A mutation in a gene can cause a disease, but although all cells share the same DNA, the problem will only appear in cells that have that particular gene activated.
“We have found many unexpected cells that have active disease-associated genes,” says Regev.
“For example, we have observed non-muscle cells in muscle tissue expressing genes that cause rare muscle diseases.”
“This is important, because if we want to develop treatments we need to know the cells in order to target them,” explains the biologist.
Regev also highlights possible applications of these findings to regenerative medicine, a specialization that tries to rebuild damaged organs using new cells.
“To get it right, we need to generate cells with the right properties. The atlas is a reference to ensure that the cells generated in the laboratory have the desired characteristics,” he says.
Neuroscientist Rafael Yuste, a professor at Columbia University in New York, applauds the latest version of the atlas.
“This batch of results is historic. It is one of the first salvos of what will be a torrent of studies in the next decade that will classify all cell types in the body”, says Yuste, who has not participated in the investigation. The Spanish neuroscientist was the founder of BRAIN, a billion-dollar project sponsored in 2013 by then-US president, Barack Obama, to obtain a map of the human brain.

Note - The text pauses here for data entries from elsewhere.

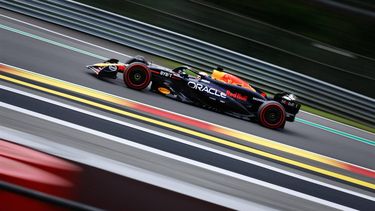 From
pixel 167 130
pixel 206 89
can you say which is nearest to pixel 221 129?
pixel 206 89

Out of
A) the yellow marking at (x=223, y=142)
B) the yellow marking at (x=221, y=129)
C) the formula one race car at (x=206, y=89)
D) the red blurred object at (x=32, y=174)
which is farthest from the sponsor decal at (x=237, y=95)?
the red blurred object at (x=32, y=174)

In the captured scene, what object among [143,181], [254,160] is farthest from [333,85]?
[143,181]

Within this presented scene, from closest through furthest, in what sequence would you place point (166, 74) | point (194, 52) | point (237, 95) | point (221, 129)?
1. point (221, 129)
2. point (166, 74)
3. point (237, 95)
4. point (194, 52)

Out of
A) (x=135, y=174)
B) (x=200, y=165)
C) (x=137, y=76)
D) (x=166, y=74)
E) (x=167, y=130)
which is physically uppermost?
(x=166, y=74)

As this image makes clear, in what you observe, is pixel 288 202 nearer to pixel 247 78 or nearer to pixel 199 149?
pixel 199 149

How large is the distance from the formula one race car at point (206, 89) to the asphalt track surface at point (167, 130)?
0.16 meters

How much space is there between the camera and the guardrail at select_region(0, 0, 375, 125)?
13039 millimetres

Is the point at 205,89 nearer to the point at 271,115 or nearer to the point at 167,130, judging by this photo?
the point at 271,115

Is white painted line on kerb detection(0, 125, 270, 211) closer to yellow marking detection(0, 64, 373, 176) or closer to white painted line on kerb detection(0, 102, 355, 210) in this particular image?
white painted line on kerb detection(0, 102, 355, 210)

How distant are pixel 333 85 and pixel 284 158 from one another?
19.1ft

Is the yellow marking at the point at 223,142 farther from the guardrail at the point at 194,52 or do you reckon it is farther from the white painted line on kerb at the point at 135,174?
the guardrail at the point at 194,52

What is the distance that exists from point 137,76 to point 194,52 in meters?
4.35

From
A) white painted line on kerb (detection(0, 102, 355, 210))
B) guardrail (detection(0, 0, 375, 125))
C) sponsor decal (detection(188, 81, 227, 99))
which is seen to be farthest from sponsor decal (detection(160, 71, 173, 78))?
guardrail (detection(0, 0, 375, 125))

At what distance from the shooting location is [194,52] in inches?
531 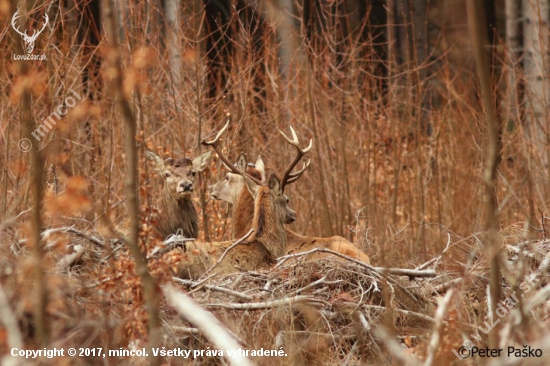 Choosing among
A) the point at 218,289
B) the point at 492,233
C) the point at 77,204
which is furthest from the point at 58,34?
the point at 492,233

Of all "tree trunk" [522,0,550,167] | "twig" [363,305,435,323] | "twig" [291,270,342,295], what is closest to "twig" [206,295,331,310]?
"twig" [291,270,342,295]

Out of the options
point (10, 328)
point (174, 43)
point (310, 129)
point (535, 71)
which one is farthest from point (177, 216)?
point (535, 71)

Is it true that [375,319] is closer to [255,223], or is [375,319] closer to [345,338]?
[345,338]

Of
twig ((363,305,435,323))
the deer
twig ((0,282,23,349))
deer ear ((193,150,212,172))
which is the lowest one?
twig ((363,305,435,323))

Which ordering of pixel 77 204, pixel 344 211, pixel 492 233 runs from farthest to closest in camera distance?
pixel 344 211 → pixel 77 204 → pixel 492 233

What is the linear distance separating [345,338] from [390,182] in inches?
263

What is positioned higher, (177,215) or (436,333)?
(177,215)

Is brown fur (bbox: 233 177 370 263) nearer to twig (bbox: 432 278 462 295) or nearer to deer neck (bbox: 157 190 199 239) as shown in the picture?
deer neck (bbox: 157 190 199 239)

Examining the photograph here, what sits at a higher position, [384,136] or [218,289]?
[384,136]

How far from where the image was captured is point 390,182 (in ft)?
41.2

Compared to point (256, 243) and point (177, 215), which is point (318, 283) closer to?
point (256, 243)

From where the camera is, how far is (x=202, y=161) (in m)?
8.80

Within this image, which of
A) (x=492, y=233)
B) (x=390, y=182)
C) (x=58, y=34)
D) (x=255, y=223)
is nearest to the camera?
(x=492, y=233)

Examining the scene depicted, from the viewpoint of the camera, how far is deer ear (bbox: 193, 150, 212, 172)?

Yuste is optimistic. The new technologies, called transcriptomics, allow cells to be placed in narrow channels and trapped one by one in oily droplets, analyzing their active genes in a manner that is fast, automated and cheap.
“The first steps of this strategy have been spectacular. For example, in the United States, the Allen Institute of Brain Sciences has classified all the cells in a part of the cerebral cortex of the mouse, generating for the first time a list of all the types of neurons in an area of the brain”, says Yuste, who has collaborated on that project.
Yuste recalls how the father of neuroscience, Santiago Ramón y Cajal, discovered in 1888, using a rudimentary microscope, that neurons were individual cells. Now, says Yuste, it is giant consortia like his BRAIN initiative and the Human Cell Atlas doing this work.
“It is a huge effort,” says the professor. “It will have a fundamental impact on science and medicine, since, in the end, everything that the brain, or the body, does, is cooked up between cell types.”